The San Francisco County Transportation Authority, made up of the Board of Supervisors, unanimously approved to suspend funding from the Transbay Joint Powers Authority, which oversaw the construction of the transit center and manages the transit center.

Supervisor Aaron Peskin, who chairs the transportation authority, said he wants to make sure the second phase of the transit center is done right after delays and cost overruns plagued the first phase, and the discovery of two cracked steel beams less than two months of opening the transit center:

“I think we need to learn from our past practices and really have a strong vision going forward for what it is actually a much more complicated, much more costly project and that is bringing Caltrain and eventually high-speed rail into that box that is eight below the surface.”

Peskin added:

“I want to make sure we get phase two right and I think that conversation begins with an analysis of what the appropriate governance and oversight structure ought to be for phase two.”

Before the transportation authority releases the full or partial funding, they are requesting the Controller’s Office to evaluate the management of the TJPA and delivery of the transit center and requesting transportation authority staff to seek alternative governance and oversight models over the $4 billion Caltrain Downtown Extension portion of the project.

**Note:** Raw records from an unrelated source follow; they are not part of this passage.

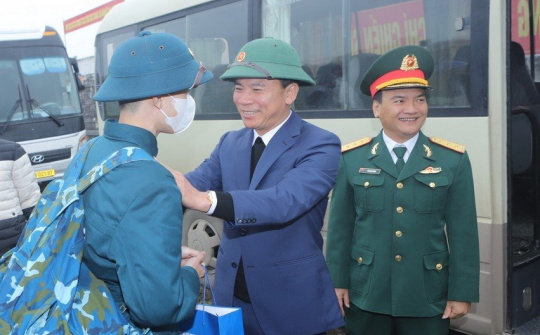Thanh Hoá: Lễ giao, nhận quân năm 2024 thành công tốt đẹp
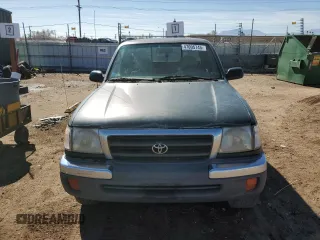 2000 Toyota Tacoma PreRunner with VIN 4TASM92N1YZ680858, listed as a Copart auction lot 47005745 with 333,428 mi miles and Salvage title. Bid and sale history available at DreamBid. Image 5.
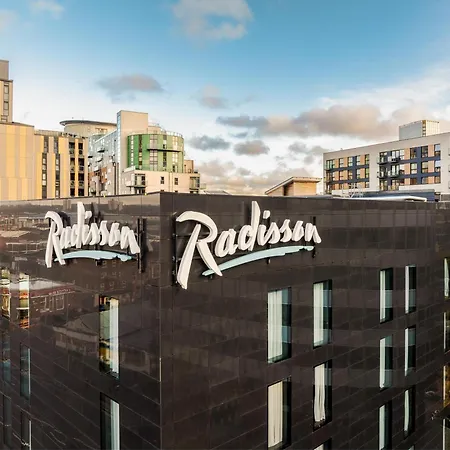 Radisson Hotel Manchester City Centre, A Verified Net Zero Hotel-2
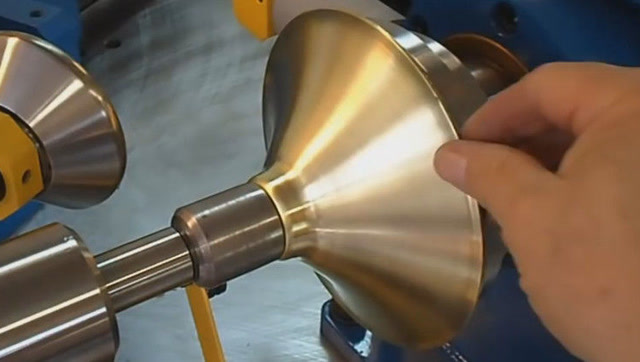 旋压加工黄铜灯罩干净利落的金属塑形工艺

Mark Zanbanh, executive director of the TJPA, said he does support a controller’s report of evaluating how the TJPA performed during the first phase of the project and welcomes efforts to look at different oversight models for the second phase of the project:

“We welcome any effort to strengthen the TJPA organization.”

Zabaneh, though, said it was critical for the TJPA to continue and follow its schedule for the second phase of the project.

Meanwhile, crews are working on a permanent fix to the transit center, said Dennis Turchon, senior construction manager.

Crews can now begin the process of taking a sampling of the two steel cracked beams now that the weight is completely off the beams and onto a shoring system.

Turchon said the Metropolitan Transportation Commission, which has been part of the peer review process for about a week and half, is involved in the testing and sampling protocols.

San Francisco Mayor London Breed and Oakland Mayor Libby Schaaf asked the MTC to take part in the peer review process of the permanent fix for the transit center.

Two independent firms — one to take the sample and one to test the sample — are at the transit center awaiting for a green light from the MTC peer review group, said Turchon.

Zabaneh said it will take five to seven days to take the samples and up two weeks to test the samples.

Officials expect to know the exact cause of the cracked beams by mid-November.